For the records below, print the lines from the line with "CHOETECH T511BW Qi" through the line with "IKEA BERGMUND БЕРГМУНД, барний" exactly as written; include both end lines and exclude the rest.

**SOURCE DATA**
□ □ □ □

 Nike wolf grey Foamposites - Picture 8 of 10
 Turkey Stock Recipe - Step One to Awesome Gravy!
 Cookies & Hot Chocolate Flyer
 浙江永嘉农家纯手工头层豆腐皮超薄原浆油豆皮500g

□ □ □ □

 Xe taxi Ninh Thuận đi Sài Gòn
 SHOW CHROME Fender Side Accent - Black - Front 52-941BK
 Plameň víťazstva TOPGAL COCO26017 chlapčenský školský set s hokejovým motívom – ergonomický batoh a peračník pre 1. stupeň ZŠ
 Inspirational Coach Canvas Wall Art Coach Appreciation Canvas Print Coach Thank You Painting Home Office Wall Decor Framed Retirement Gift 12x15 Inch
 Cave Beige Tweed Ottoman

□ □ □ □

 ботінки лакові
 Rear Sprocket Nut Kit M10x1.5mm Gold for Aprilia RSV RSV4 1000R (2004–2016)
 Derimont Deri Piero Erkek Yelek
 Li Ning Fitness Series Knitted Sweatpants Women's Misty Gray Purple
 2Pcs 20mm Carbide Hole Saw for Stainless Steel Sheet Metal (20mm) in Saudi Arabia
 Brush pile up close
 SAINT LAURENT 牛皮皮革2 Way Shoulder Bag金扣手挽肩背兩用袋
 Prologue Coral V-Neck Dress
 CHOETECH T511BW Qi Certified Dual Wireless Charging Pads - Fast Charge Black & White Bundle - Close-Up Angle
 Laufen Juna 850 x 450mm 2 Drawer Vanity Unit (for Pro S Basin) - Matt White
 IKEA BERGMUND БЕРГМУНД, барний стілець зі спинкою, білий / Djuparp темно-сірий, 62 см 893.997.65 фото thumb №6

□ □ □ □

**PROBLEM SOLUTION**
 CHOETECH T511BW Qi Certified Dual Wireless Charging Pads - Fast Charge Black & White Bundle - Close-Up Angle
 Laufen Juna 850 x 450mm 2 Drawer Vanity Unit (for Pro S Basin) - Matt White
 IKEA BERGMUND БЕРГМУНД, барний стілець зі спинкою, білий / Djuparp темно-сірий, 62 см 893.997.65 фото thumb №6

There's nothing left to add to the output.